[WORKING DATA Boundary: Start]

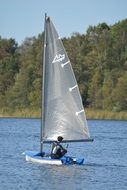 man in sailing boat in view of forested bank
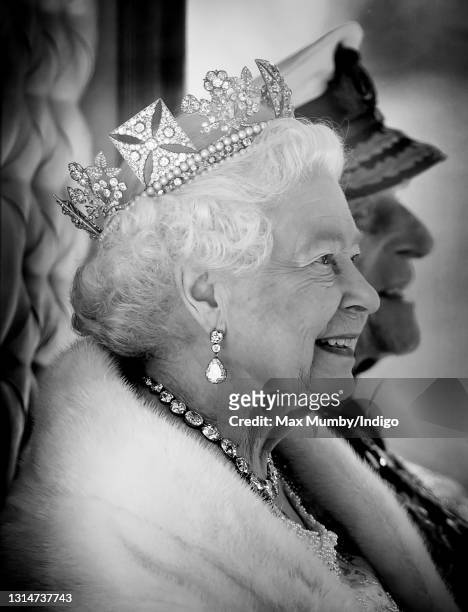 Queen Elizabeth II , accompanied by Prince Philip, Duke of Edinburgh, travels down The Mall in the Diamond Jubilee State Coach after attending the...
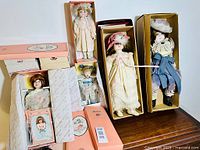 Photo showing vintage porcelain dolls in original boxes, each doll dressed in detailed period-style costumes and wrapped in tissue paper for mint preservation.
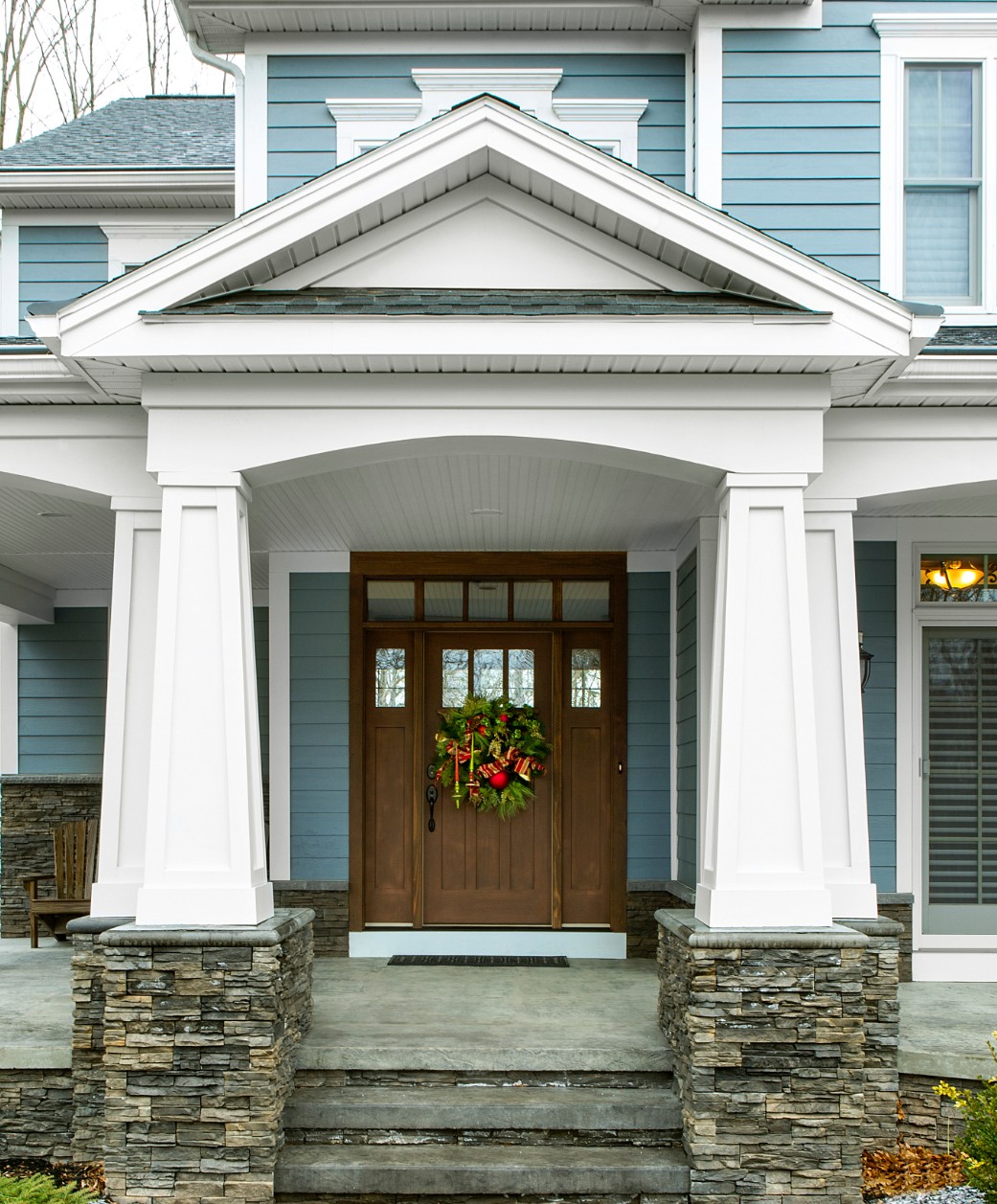 Large blue house with porch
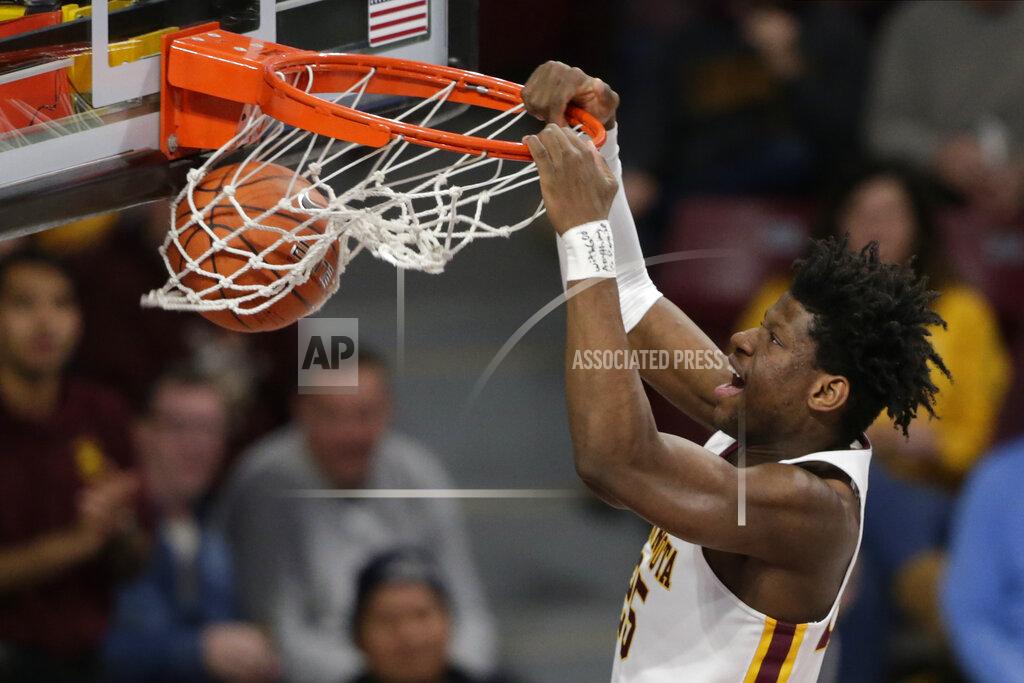Andy Clayton-King Minnesota center Daniel Orturu dunks against Clemson in the first half during an NCAA college basketball game Monday, Dec. 2, 2019, in Minneapolis. (AP Photo/Andy Clayton-King)
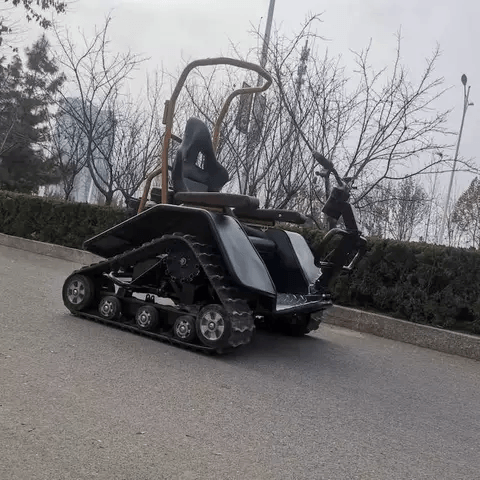 Allterain electric wheelchair with black tracked chassis and high-back seat on a paved road on Tampa Home & Garden Store
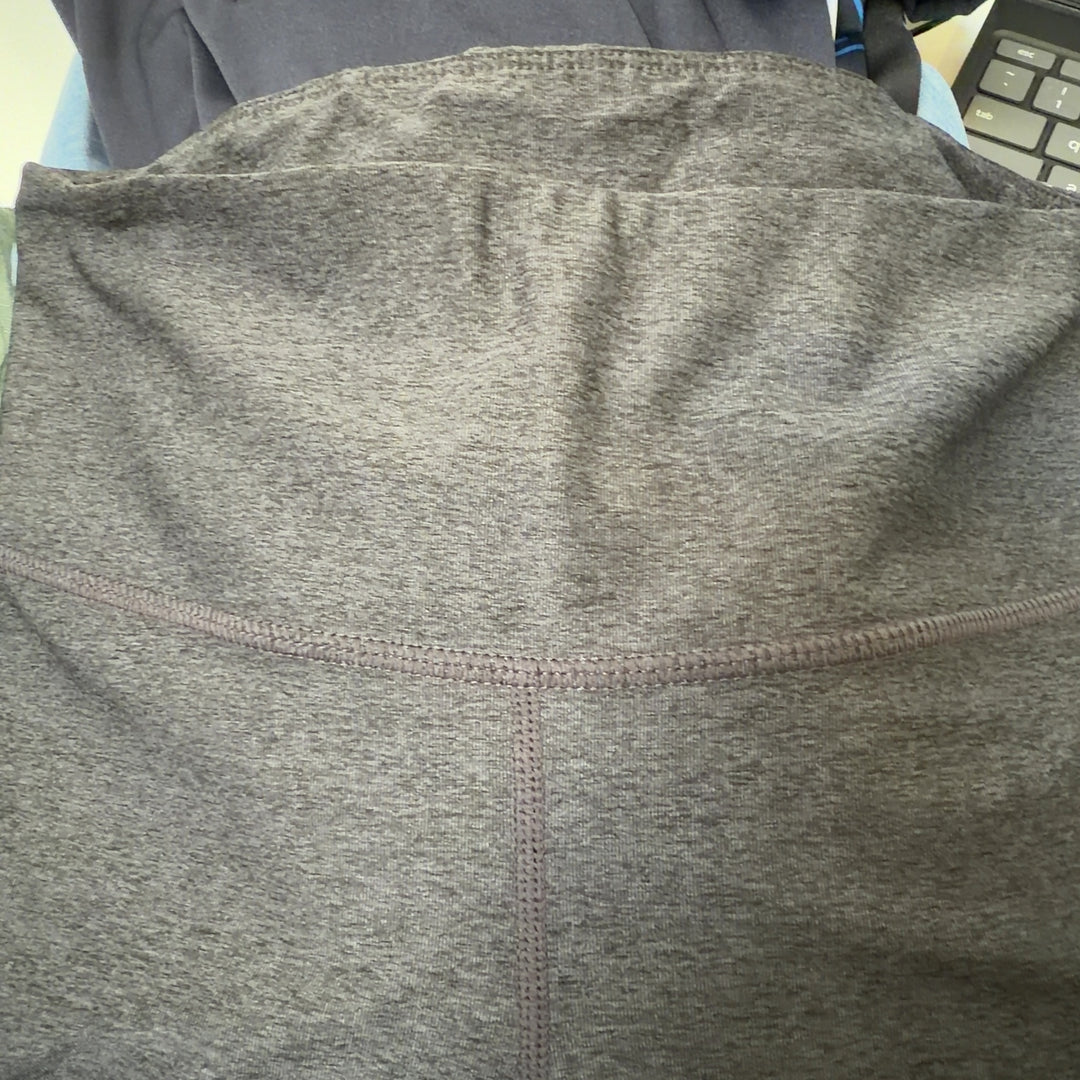 Tag view of charcoal capri leggings showing mesh panel details on calves
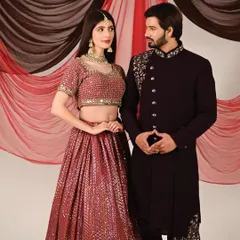 A shot from a professional ethnic wear photoshoot. The model is wearing a deep wine-colored Indo-western sherwani with intricate silver embroidery on the shoulder and cuff.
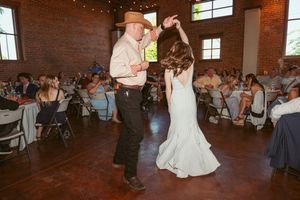 Wedding couple dancing while guests seated at round tables watch in a brick-walled reception space.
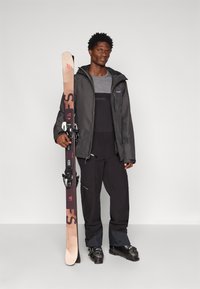 Čierna lyžiarska bunda s šedými akcentmi, šedý dlhý rukáv, čierne lyžiarske nohavice, drží hnedé lyže s viazaním, stojí na neutrálnej pozadí.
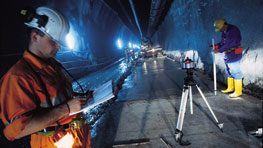 Two construction workers in a tunnel, one wearing a helmet, the other with a measuring device.
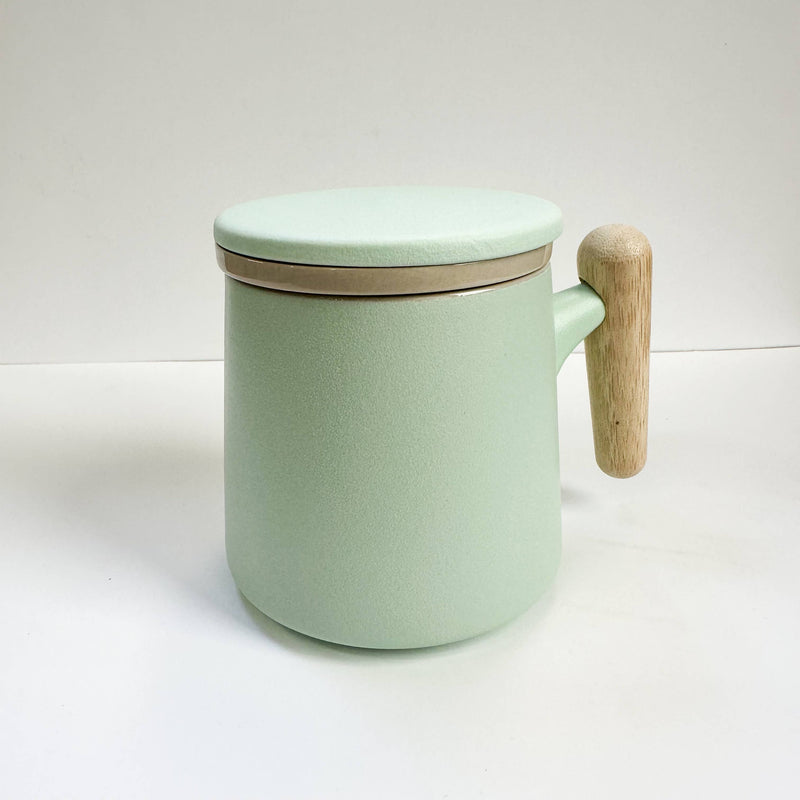 Mint green mug with a wooden handle and lid on a white background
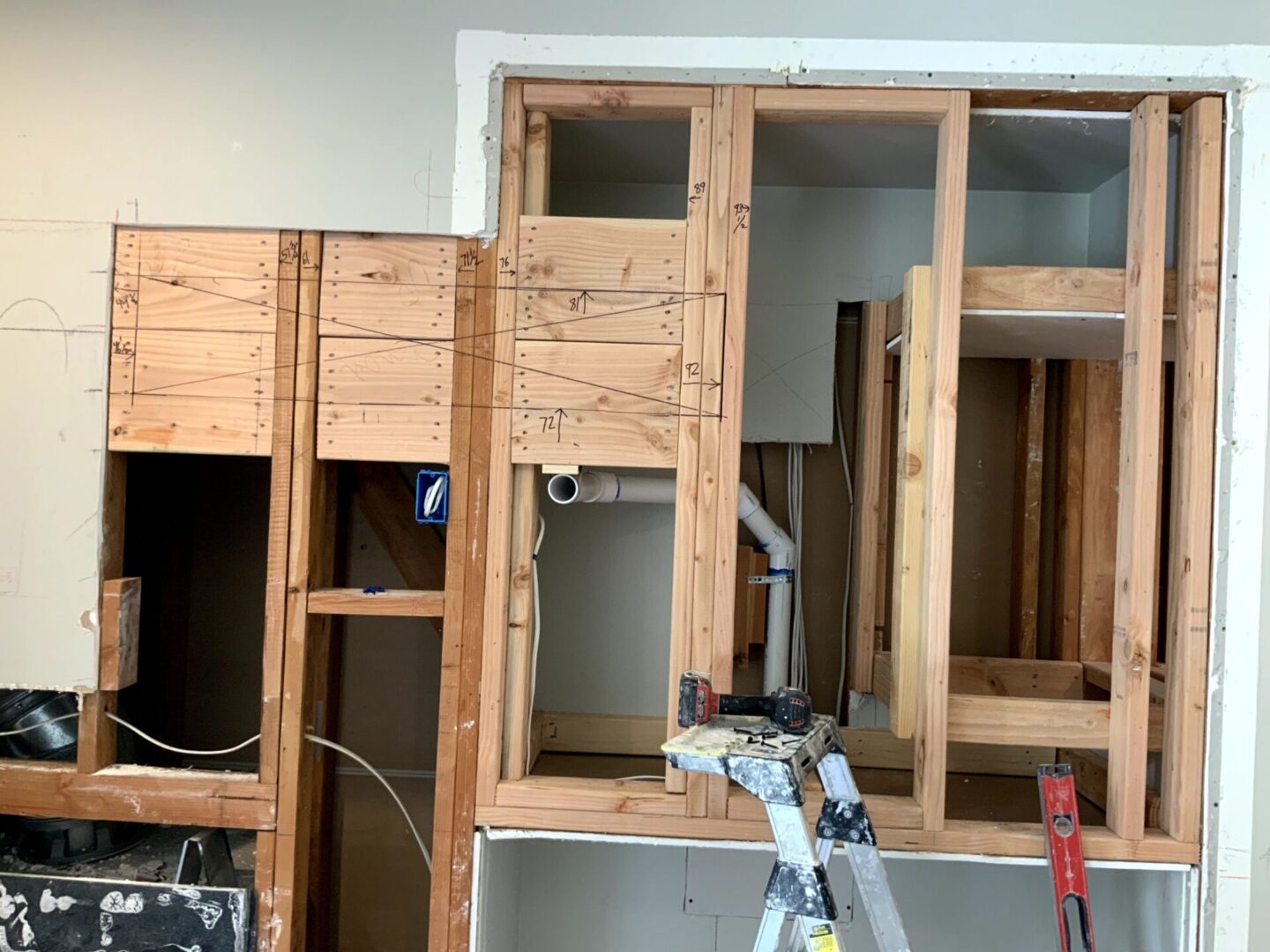 A room being built with wood and metal.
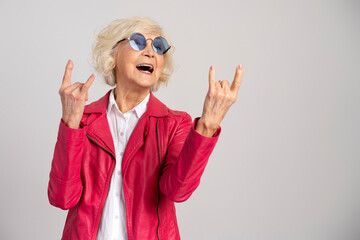 Grey hair excited caucasian woman wearing glasses showing rock gesture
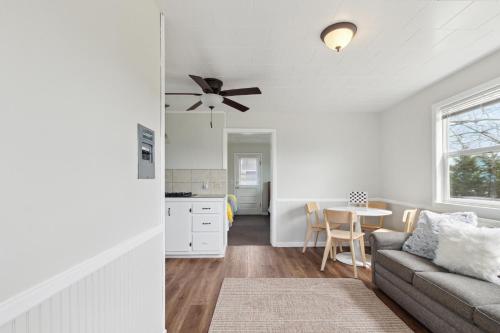 a living room and kitchen with a couch and a table at Pleasant Valley Resort in Arcadia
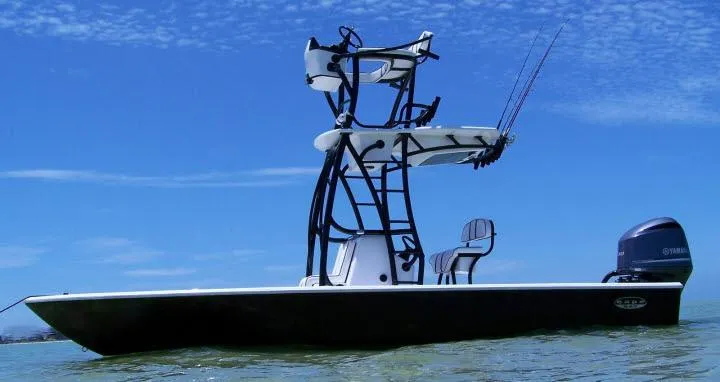 Slide: The Image of 2011 Cape Horn 23 Cape Bay boat on water with clear blue sky. - 3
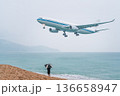 Flight trip to Phuket in Thailand during the rainy season. A plane flying low over the sea lands at the airport on the island, a vacationing tourist with an umbrella on the beach meets and photographs 136658947
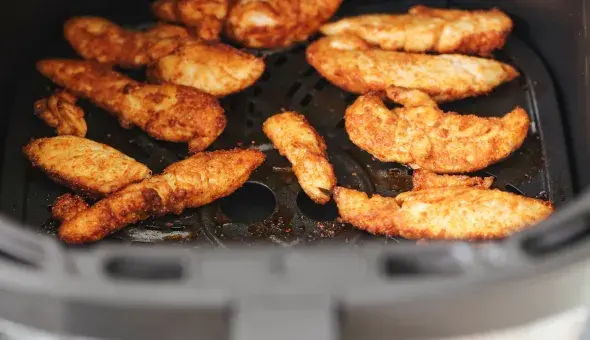 Chicken tenders cooking in an air fryer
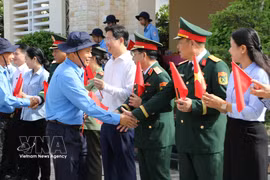 Team K91 members depart to carry out their mission. (Photo: VNA)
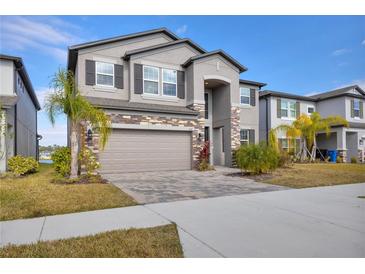 Beautiful two story home featuring a two car garage, stone accents, manicured lawn, and lush palm trees at 3137 Marine Grass Dr, Wimauma, FL 33598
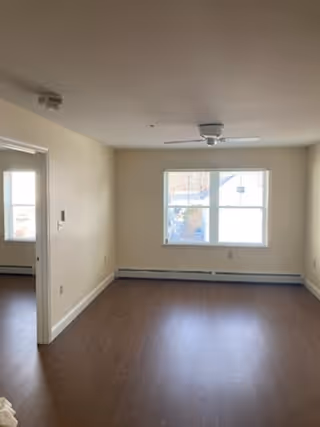 Empty room with light beige walls, a window with white trim letting in natural light, a ceiling fan with light fixture, and dark wood flooring. There is an open doorway leading to another room with a similar window and flooring.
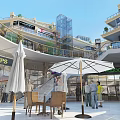 Vibrant Commercial Street With Outdoor Dining Area Umbrellas Seats Shops And Pedestrians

[WORKING DATA Boundary: End]

Your copy should hold the lines from the one with "Tag view of" up to and including the one with "Wedding couple dancing", exactly as in the data above, and no pictures.

 Tag view of charcoal capri leggings showing mesh panel details on calves
 A shot from a professional ethnic wear photoshoot. The model is wearing a deep wine-colored Indo-western sherwani with intricate silver embroidery on the shoulder and cuff.
 Wedding couple dancing while guests seated at round tables watch in a brick-walled reception space.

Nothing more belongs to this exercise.